Your instructions:
Reproduce from the records below, with no pictures, exactly the lines between the one containing "Damen Sportliche Sneakers" and the one containing "RI license plate 808703", inclusive.

Given records:
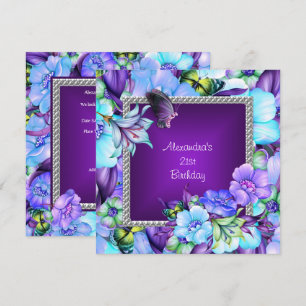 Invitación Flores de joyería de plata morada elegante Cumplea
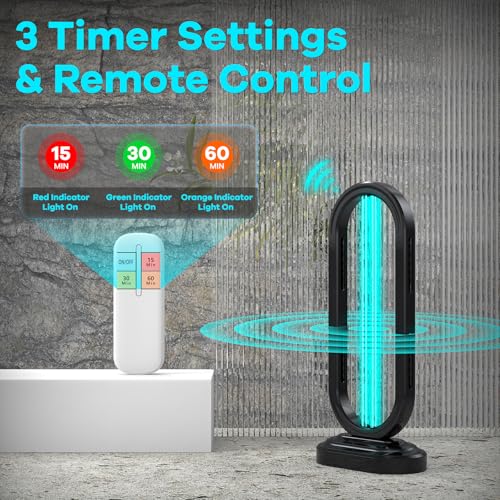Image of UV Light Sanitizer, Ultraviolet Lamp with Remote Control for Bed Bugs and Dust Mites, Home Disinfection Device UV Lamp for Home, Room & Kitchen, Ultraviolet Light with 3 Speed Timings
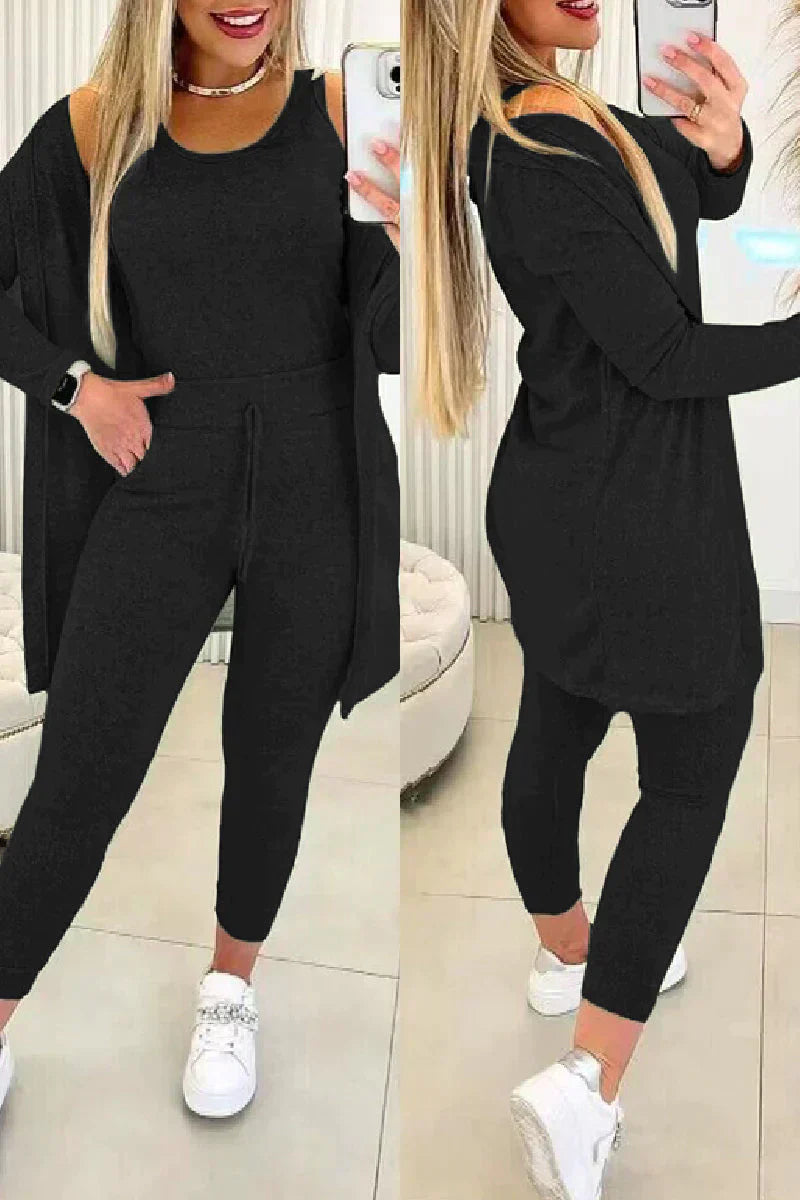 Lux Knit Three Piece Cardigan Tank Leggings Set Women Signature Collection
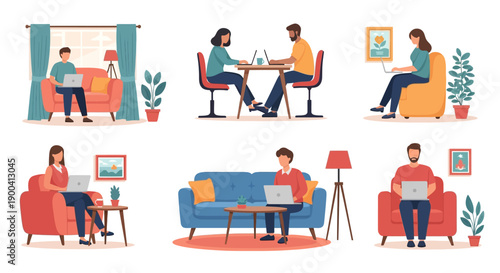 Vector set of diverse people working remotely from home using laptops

* * *

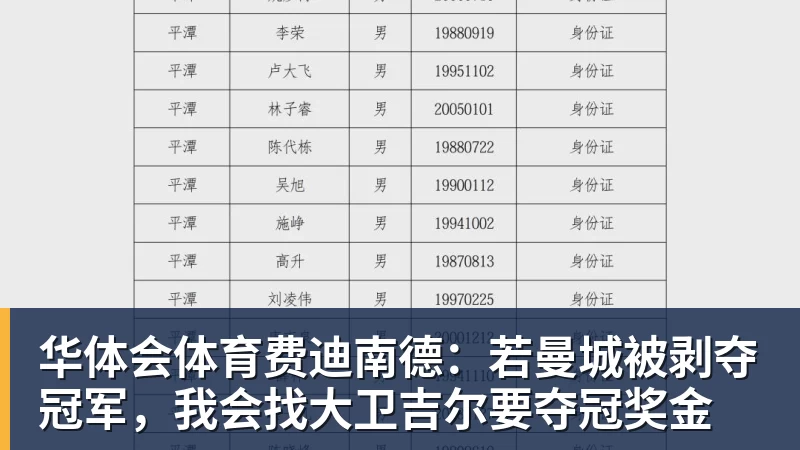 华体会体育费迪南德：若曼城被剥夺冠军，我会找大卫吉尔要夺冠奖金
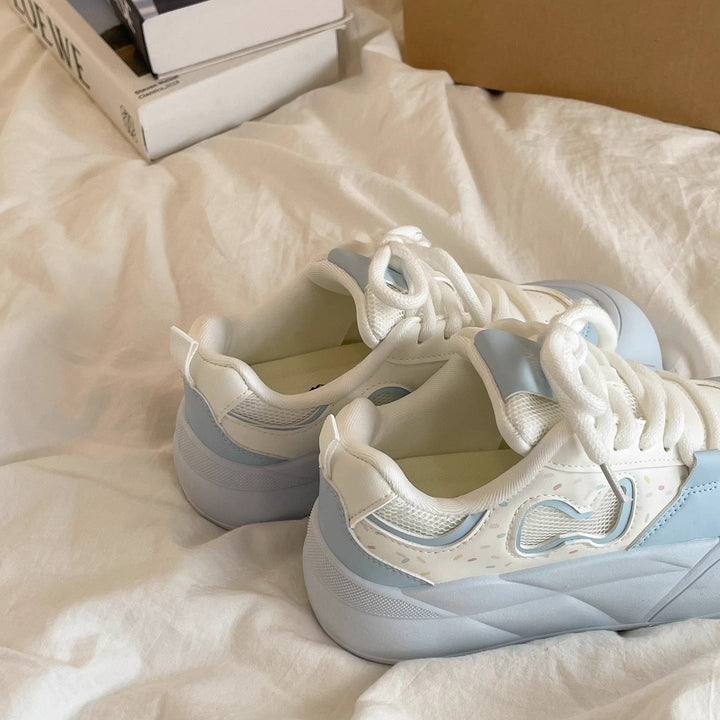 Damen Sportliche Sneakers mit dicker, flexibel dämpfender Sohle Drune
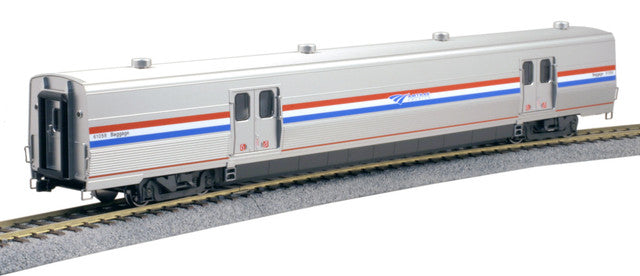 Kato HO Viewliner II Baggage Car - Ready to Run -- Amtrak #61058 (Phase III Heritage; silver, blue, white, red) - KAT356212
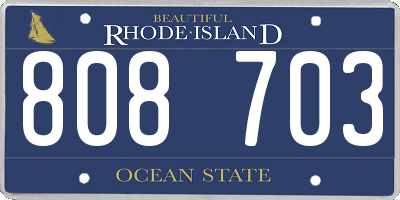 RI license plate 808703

Task solution:
 Damen Sportliche Sneakers mit dicker, flexibel dämpfender Sohle Drune
 Kato HO Viewliner II Baggage Car - Ready to Run -- Amtrak #61058 (Phase III Heritage; silver, blue, white, red) - KAT356212
 RI license plate 808703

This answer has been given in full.